▶ _WHAT YOU WILL DO_
Whatever precedes the line containing "Шкаф 2-х дверный" is not copied; that line and every line after it through the final one below are copied exactly, except pictures.

▶ _COLLECTED MATERIAL_
+===+

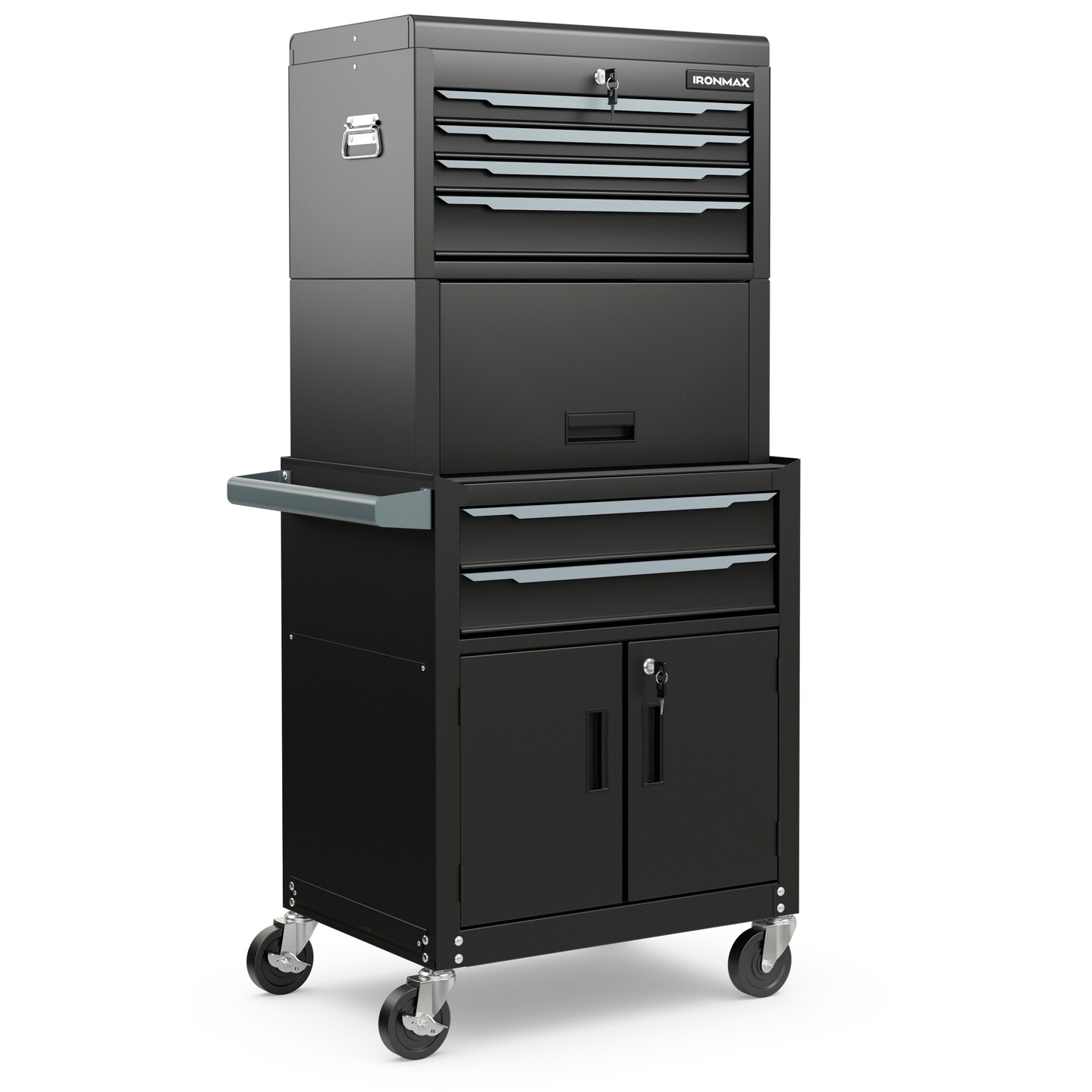 3-in-1 Rolling Tool Chest Storage Cabinet with Universal Wheels and 6 Different Size Drawers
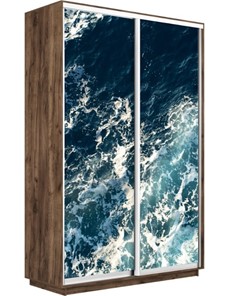 Шкаф 2-х дверный Экспресс 1600x600x2400, Морские волны/дуб табачный в Южно-Сахалинске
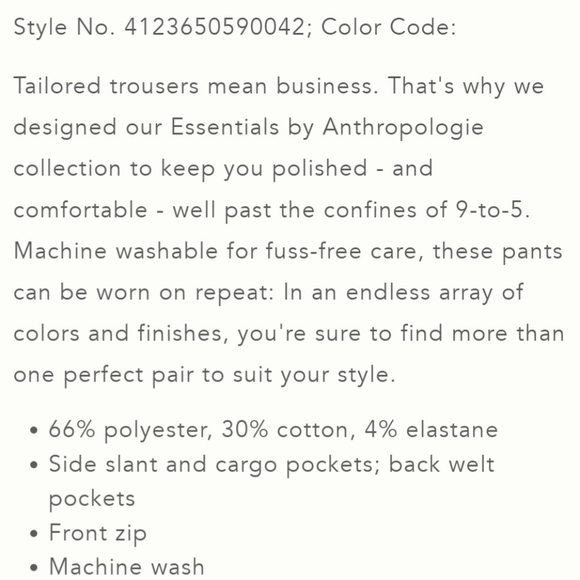 ANTHROPOLOGIE the essential slim cargo pant - Picture 8 of 9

+===+

▶ _ANSWER SECTION_
 Шкаф 2-х дверный Экспресс 1600x600x2400, Морские волны/дуб табачный в Южно-Сахалинске
 ANTHROPOLOGIE the essential slim cargo pant - Picture 8 of 9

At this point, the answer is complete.